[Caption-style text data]
....

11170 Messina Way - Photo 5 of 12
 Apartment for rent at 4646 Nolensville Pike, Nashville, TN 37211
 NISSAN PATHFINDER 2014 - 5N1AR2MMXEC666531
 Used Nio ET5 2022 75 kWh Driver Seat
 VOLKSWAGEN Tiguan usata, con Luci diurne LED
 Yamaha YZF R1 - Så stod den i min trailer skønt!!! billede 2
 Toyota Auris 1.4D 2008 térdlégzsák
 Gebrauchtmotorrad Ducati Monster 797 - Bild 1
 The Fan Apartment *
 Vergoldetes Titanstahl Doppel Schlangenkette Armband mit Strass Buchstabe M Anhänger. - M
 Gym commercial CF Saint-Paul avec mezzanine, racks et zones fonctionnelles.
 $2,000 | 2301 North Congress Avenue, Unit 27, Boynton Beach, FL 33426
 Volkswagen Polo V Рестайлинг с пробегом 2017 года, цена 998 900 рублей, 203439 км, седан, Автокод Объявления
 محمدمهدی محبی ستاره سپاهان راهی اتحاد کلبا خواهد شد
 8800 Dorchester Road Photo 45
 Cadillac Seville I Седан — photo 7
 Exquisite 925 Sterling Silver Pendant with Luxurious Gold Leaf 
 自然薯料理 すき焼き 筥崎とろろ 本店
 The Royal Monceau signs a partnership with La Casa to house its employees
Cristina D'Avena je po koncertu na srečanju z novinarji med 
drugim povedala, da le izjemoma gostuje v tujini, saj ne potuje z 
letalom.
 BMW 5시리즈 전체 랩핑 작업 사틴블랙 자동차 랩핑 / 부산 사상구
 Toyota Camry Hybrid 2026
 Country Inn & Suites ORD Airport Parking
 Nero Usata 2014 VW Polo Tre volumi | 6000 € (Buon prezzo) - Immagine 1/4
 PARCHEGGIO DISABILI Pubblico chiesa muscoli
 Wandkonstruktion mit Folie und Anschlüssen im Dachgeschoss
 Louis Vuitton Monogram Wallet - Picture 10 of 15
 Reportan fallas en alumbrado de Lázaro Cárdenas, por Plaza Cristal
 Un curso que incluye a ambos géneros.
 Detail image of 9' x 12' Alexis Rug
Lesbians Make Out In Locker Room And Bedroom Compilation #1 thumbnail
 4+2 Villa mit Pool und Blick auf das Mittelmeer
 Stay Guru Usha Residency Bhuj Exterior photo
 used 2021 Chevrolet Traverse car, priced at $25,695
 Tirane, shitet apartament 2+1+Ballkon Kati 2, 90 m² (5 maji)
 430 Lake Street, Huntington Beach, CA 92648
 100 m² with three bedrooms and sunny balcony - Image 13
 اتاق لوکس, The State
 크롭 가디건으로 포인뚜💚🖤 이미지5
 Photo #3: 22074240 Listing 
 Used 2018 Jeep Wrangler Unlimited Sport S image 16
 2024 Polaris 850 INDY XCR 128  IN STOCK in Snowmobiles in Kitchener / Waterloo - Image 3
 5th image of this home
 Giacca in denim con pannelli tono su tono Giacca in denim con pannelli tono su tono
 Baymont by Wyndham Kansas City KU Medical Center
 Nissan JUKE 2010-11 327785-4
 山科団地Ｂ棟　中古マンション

....

● **PROBLEM TO WORK ON**: Pick out the lines above that hold the string "Polo" and show them.

● **ANSWER BOX**:
 Volkswagen Polo V Рестайлинг с пробегом 2017 года, цена 998 900 рублей, 203439 км, седан, Автокод Объявления
 Nero Usata 2014 VW Polo Tre volumi | 6000 € (Buon prezzo) - Immagine 1/4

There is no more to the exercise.